FROM THE LEXICON - CUDC Quarterly 3:1 - Winter 2003

Campus

The first recorded use of the word "campus" (Latin for "field") in relation to the grounds of a college is from 1774. It comes from a letter relating how Princeton students burned tea to protest British taxes. The word is purely American in origin, as is the kind of place it describes. European universities were essentially urban in character and grew haphazardly, occupying available buildings in dense towns. If there was a collegiate open space, it was a cloister (as at Oxford and Cambridge).

From early on, American colleges departed from the European model, building in parklike precincts. After independence, new schools were often built away from  commercial centers, so that learning could take place in the virtuous countryside, not the squalid city. The campus was to be secluded and pastoral, and many American universities have sought to preserve that ideal, even as they have grown to the scale of small cities, with all the urban problems and impacts that tend to occur when tens of thousands of people live close together.

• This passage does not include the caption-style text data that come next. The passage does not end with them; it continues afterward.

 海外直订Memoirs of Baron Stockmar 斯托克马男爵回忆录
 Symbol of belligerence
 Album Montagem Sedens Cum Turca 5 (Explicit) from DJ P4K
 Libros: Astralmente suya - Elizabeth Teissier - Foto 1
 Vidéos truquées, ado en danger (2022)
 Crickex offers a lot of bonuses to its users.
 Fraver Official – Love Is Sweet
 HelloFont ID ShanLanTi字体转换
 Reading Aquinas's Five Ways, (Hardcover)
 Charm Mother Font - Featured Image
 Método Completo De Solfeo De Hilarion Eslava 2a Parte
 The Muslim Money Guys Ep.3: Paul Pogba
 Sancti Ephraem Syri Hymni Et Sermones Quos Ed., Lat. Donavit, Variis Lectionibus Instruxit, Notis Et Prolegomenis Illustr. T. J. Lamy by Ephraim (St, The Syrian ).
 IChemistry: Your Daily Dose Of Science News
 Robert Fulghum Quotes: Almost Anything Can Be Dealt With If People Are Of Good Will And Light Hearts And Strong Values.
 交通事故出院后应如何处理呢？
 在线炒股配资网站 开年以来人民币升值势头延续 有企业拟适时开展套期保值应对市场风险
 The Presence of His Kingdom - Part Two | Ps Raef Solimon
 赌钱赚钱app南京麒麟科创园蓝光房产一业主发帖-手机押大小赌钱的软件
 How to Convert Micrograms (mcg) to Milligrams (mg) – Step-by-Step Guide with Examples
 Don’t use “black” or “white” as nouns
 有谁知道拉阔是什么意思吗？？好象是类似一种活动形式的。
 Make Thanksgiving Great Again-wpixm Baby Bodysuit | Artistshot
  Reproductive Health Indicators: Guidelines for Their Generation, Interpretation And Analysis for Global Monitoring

Campus planners have been coping with these issues of scale and complexity with mixed success ever since the post-war boom in higher education began 50 years ago. It’s become necessary to site larger and larger facilities, especially for the sciences, and to accomodate vast amounts of traffic and parking. In spite of this, the idyllic campus ideal has proved remarkably durable, and this probably hasn’t helped universities and colleges manage growth as well as they might.

This paradox is most apparent when it comes to urban universities. The term "urban campus" is practically an oxymoron, but our urban universities have been, for the most part, reluctant to go back to their European roots and integrate themselves into the cities they serve. For example, Cleveland State has an ad that says "The city is our campus," but the people who work and learn at CSU still want their own contained place that isn’t just part of the city. So the urban campus needs legible boundaries, but it also needs to reach into the city that American higher education has so long held at arm’s length.